Ciò premesso, il dettato della citata sentenza non appare condivisibile: di fatto, il premio corrisponde giuridicamente ed economicamente ad uno ‘sconto quantità’, anche se nella prassi commerciale è comunemente denominato ‘premio’. Non si è mai quindi in presenza di liberalità, quanto dell’applicazione di una clausola contrattuale ben precisa.
A ciò si aggiunga che:
- non appare corretto assimilare i premi a liberalità, ossia a cessioni ‘gratuite’ di denaro;
- anche ammettendo la distinzione operata tra sconti e premi, la sua applicazione a casi concreti, valutando i rapporti clienti-fornitori nel loro complesso, non è affatto chiara.

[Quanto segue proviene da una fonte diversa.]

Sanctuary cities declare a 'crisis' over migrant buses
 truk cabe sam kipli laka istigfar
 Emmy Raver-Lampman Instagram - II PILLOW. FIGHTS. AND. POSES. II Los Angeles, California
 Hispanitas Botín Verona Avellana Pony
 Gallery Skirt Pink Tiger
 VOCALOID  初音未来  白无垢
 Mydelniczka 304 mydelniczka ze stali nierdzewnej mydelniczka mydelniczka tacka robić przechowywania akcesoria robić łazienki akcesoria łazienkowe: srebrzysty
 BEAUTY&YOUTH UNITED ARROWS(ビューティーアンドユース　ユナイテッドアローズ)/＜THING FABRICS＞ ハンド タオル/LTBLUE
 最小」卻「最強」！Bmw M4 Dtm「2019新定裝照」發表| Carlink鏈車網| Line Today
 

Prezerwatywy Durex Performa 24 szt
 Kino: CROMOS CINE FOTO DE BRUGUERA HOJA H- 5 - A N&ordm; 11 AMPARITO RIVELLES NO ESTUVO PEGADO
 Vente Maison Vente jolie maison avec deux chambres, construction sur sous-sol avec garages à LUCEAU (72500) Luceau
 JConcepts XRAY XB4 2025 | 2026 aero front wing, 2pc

In altri termini, la sentenza appare confusa nel contenuto, e non adottabile nella pratica. Inoltre, è in contrasto comunque con i precedenti orientamenti della medesima Corte.
A tal proposito, la sentenza non è in linea con un pronunciamento anteriore (Cassazione, n. 3428 del 12 gennaio 1996), in base al quale in caso di variazione derivante da uno sconto per raggiunto volume d’affari non è necessario indicare i dati di tutte le fatture interessate, qualora nella nota di credito siano indicati il contratto che prevede lo sconto, la percentuale di sconto praticata, l’importo del volume di affari sul quale lo sconto è applicato, l’entità complessiva dello sconto ed il beneficiario dello stesso. Non sono richiesti, quindi, riferimenti a singole transazioni: “ non essendo ricavabile da alcuna disposizione di legge, neppure per implicito, che la nota di accredito dello sconto, praticato al cliente al momento in cui questo realizzi un certo volume di affari, debba contenere anche l’indicazione specifica delle singole fatture alle quali lo stesso si riferisce ”; la Corte prosegue affermando che la nota d’accredito in questione costituisce “ documento assimilabile alla fattura, svolgendo, anche se in senso inverso a questa, analoga funzione riguardo al meccanismo applicativo del tributo ”.
Conclusioni
Per tutto quanto detto, si ritiene valido quanto disposto dalla RM n. 120/2004, ossia l’inquadramento dei premi di fine d’anno all’interno degli ‘abbuoni o sconti contrattualmente previsti’.
Appare peraltro pacifico che, qualora non esistesse alcun contratto che prevedesse questo premio, in assenza quindi di accordi, il premio risulterebbe semplice “cessione di denaro” e conseguente irrilevante ai fini IVA.
Di norma, però, si è sempre in presenza di un contratto, quindi con facoltà di emissione di nota di credito con IVA.